Plus d’une dizaine d’associations sans but lucratif du territoire de Kabare bénéficient désormais de nouvelles variétés de boutures de manioc. Issues des recherches de l’INERA Mulungu, en partenariat avec l’IITA et le projet CVCD, ces semences visent à révolutionner la production locale.
Une recherche de longue haleine pour la sécurité alimentaire
Il s’agit des variétés « SIKIROU » (douce) et « MUNDOLA » (amère), dont le processus de recherche a débuté en 2011. Après quatorze ans d’études, d’analyses et d’expérimentations, l’Institut National pour l’Étude et la Recherche Agronomiques (INERA) passe à la phase de vulgarisation.

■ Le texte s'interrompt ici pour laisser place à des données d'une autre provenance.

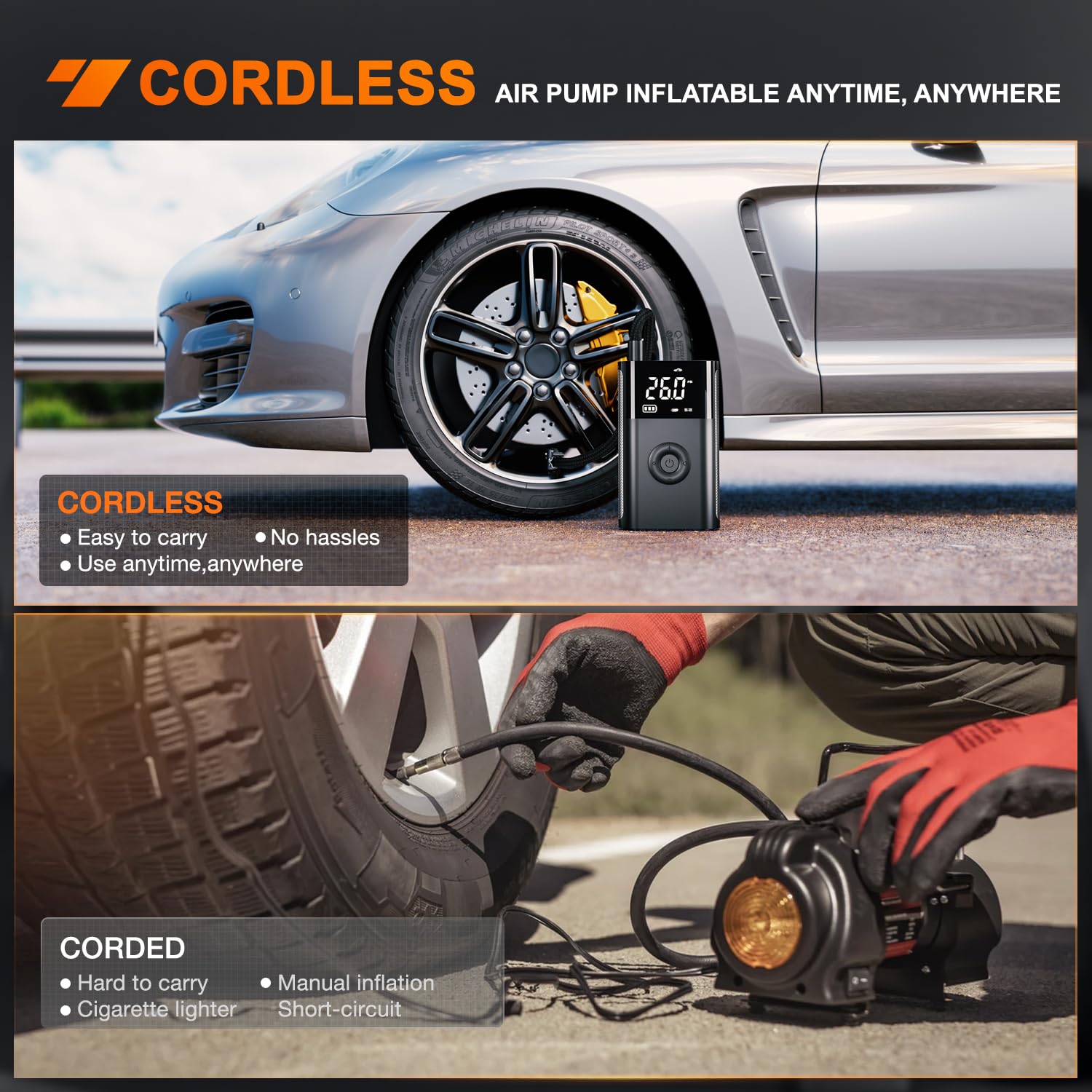 Nilight Tire Inflator Portable Air Compressor Battery Rechargeable 12Vdc 150Psi Cordless Auto Shutoff W/Digital Pressure Gauge 2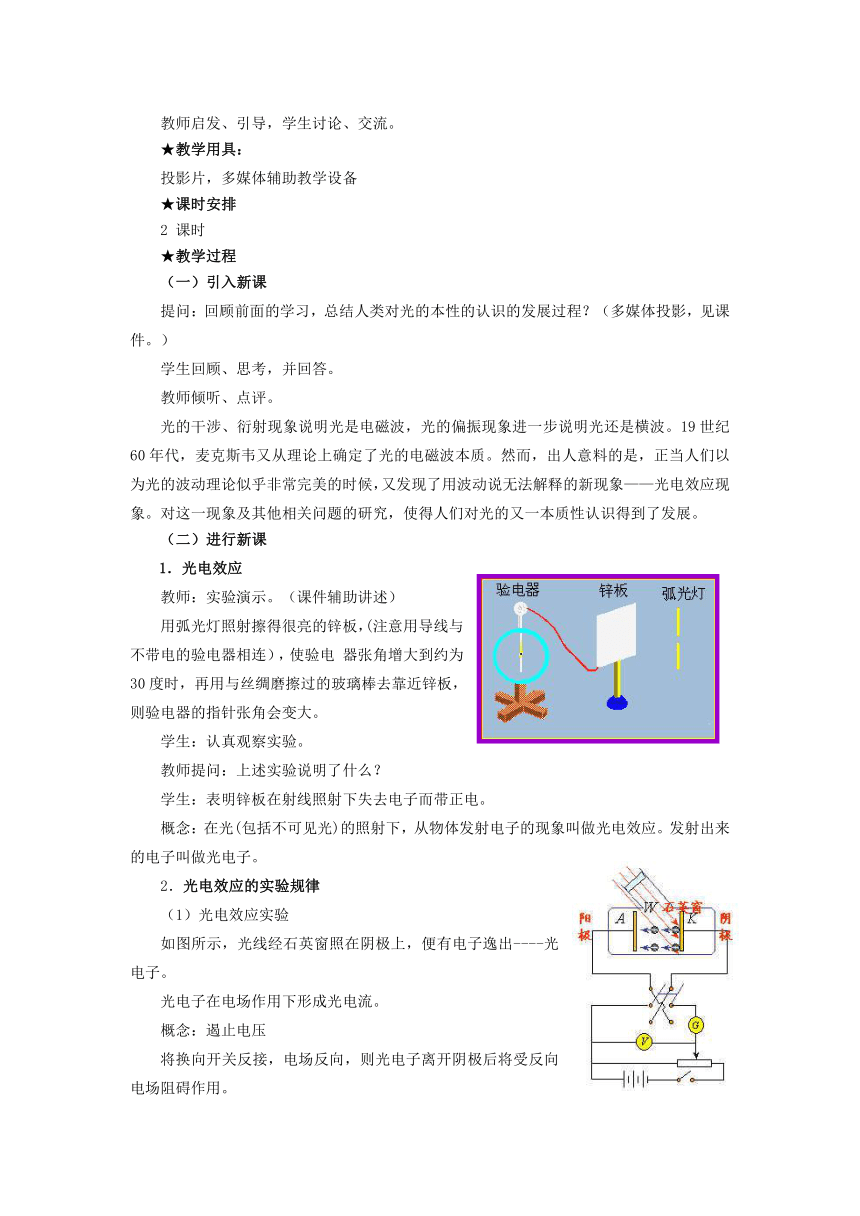 17.2 科学的转折:光的粒子性 教学设计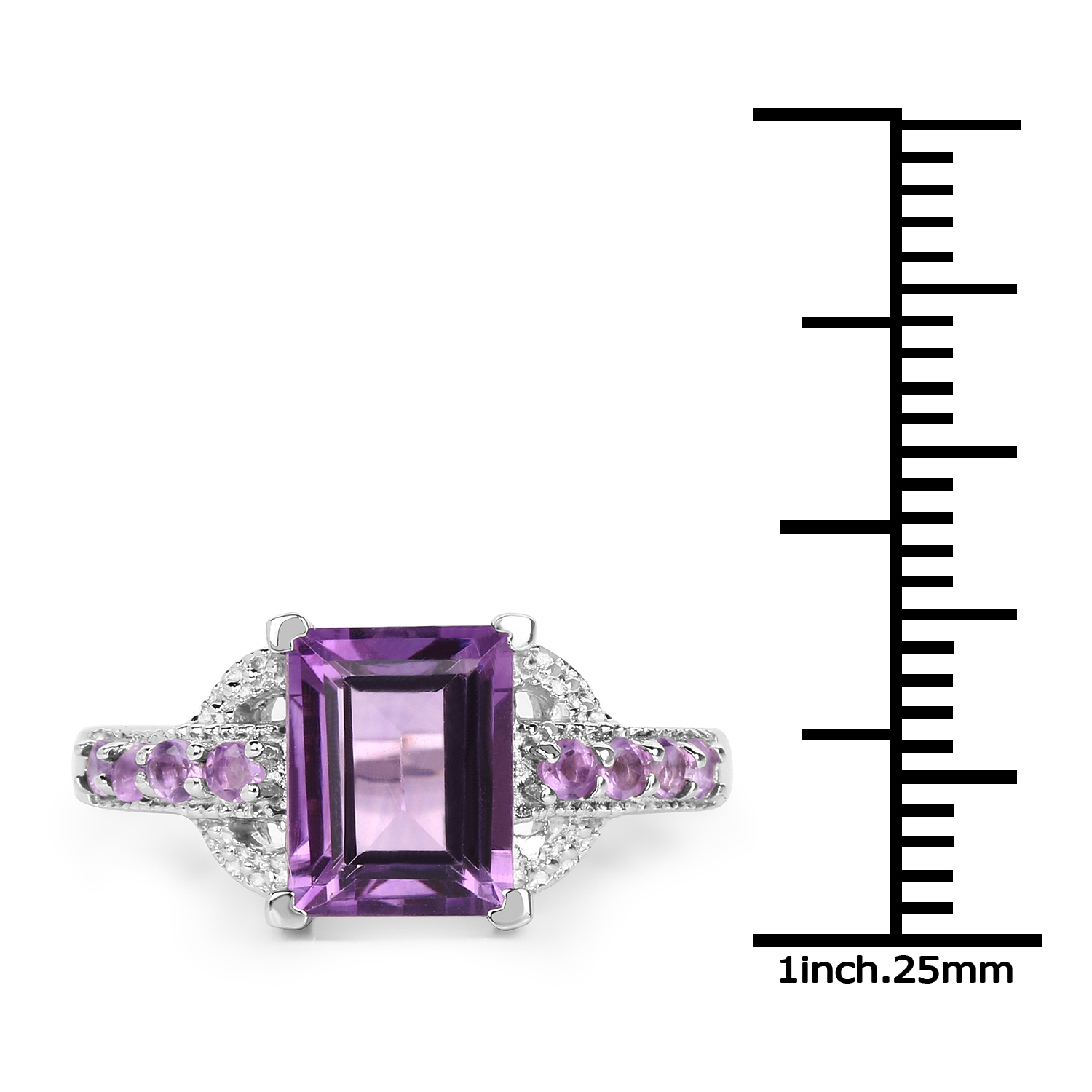 2.40 Carat Genuine Amethyst .925 Sterling Silver Ring
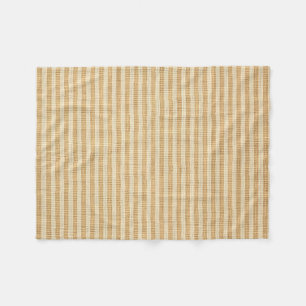 Pale Yellow Stripes Threaded Fabric Pattern Fleece Blanket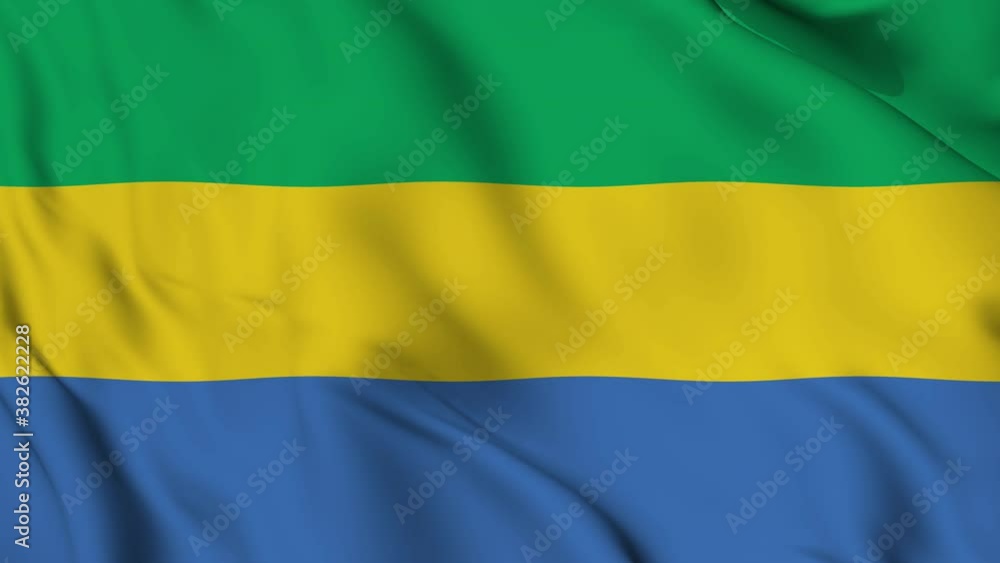Flag of the Gabonese Republic gently waving in the wind Flag of the Gabonese Republic gently waving in the wind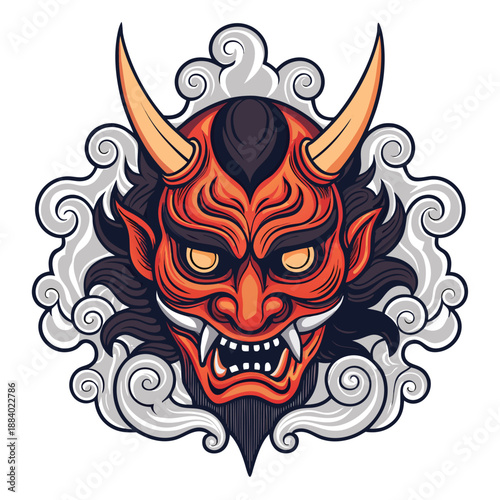 Cursed Samurai Mask Demon Character Illust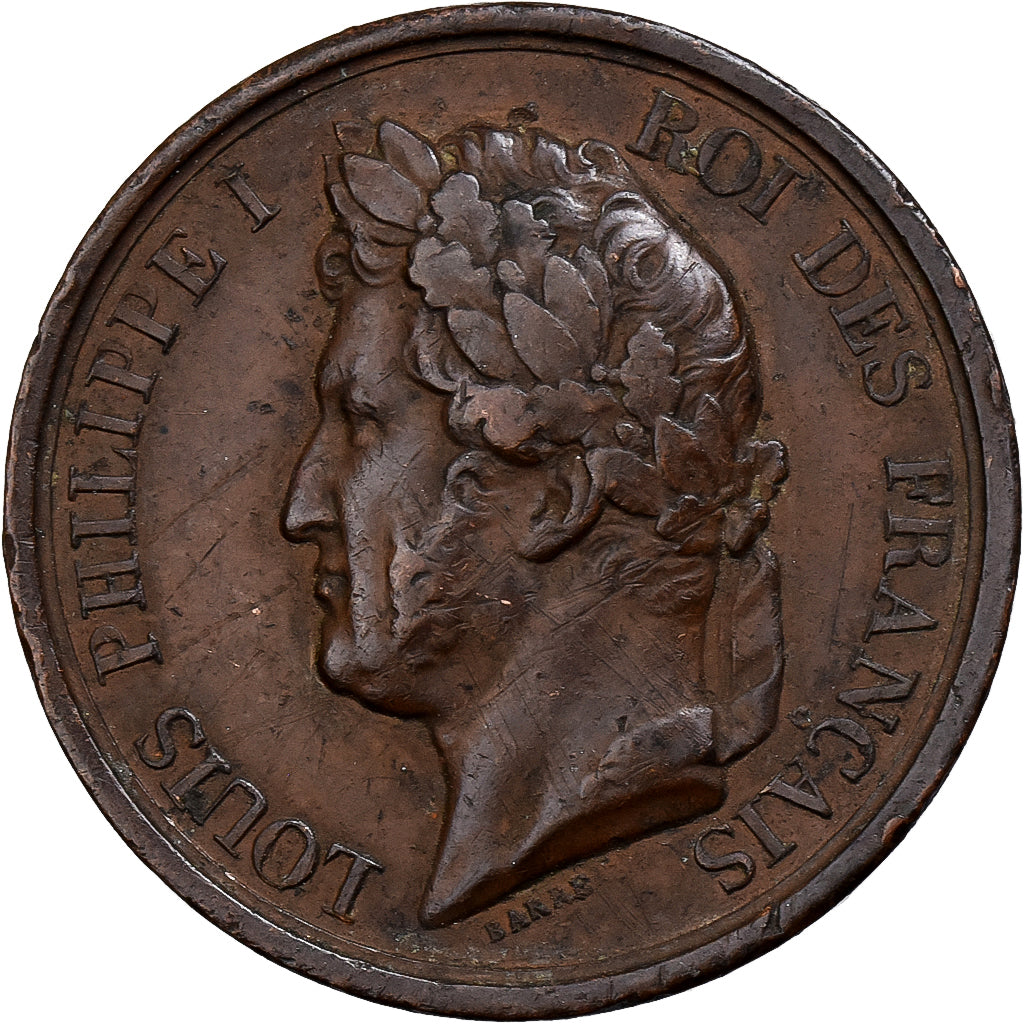 France, Token, L'Armée au Duc d'Orléans Prince Royal, 1842, Copper, VF(30-35)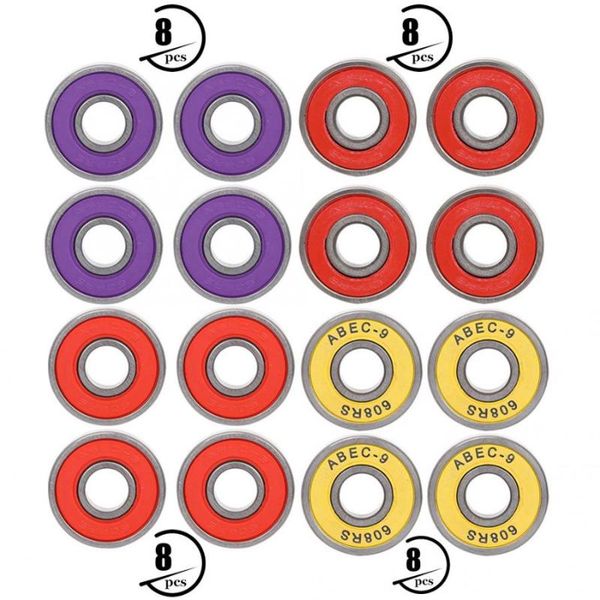 

8 pcs skateboard bearing 608 skate roller ball bearings miniature skate roller ball bearings kit skateboarding accessories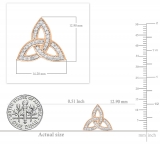 0.30 Carat (ctw) 10K Rose Gold Round White Diamond Ladies Trinity Knot Stud Earrings 1/3 CT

L’objectif est double : permettre aux communautés de l’Est de la République Démocratique du Congo d’accéder à des semences de base améliorées et renforcer durablement la sécurité alimentaire. Ces variétés se distinguent par :
Une croissance rapide ;Une forte résistance aux maladies et Un rendement élevé en qualité et en quantité.
Une distribution stratégique à Mulungu
Ce mercredi 11 février 2026, le Directeur du centre de recherche de l’INERA Mulungu, le Professeur Docteur Jules Basimine, a présidé la cérémonie de distribution. Les bénéficiaires sont des membres d’associations venus de Bushumba, Miti, Bugorhe et des villages environnants.
« Après plus de 10 ans de recherche expérimentale, il était temps de mettre ces résultats au profit des agriculteurs », a déclaré le Professeur Basimine.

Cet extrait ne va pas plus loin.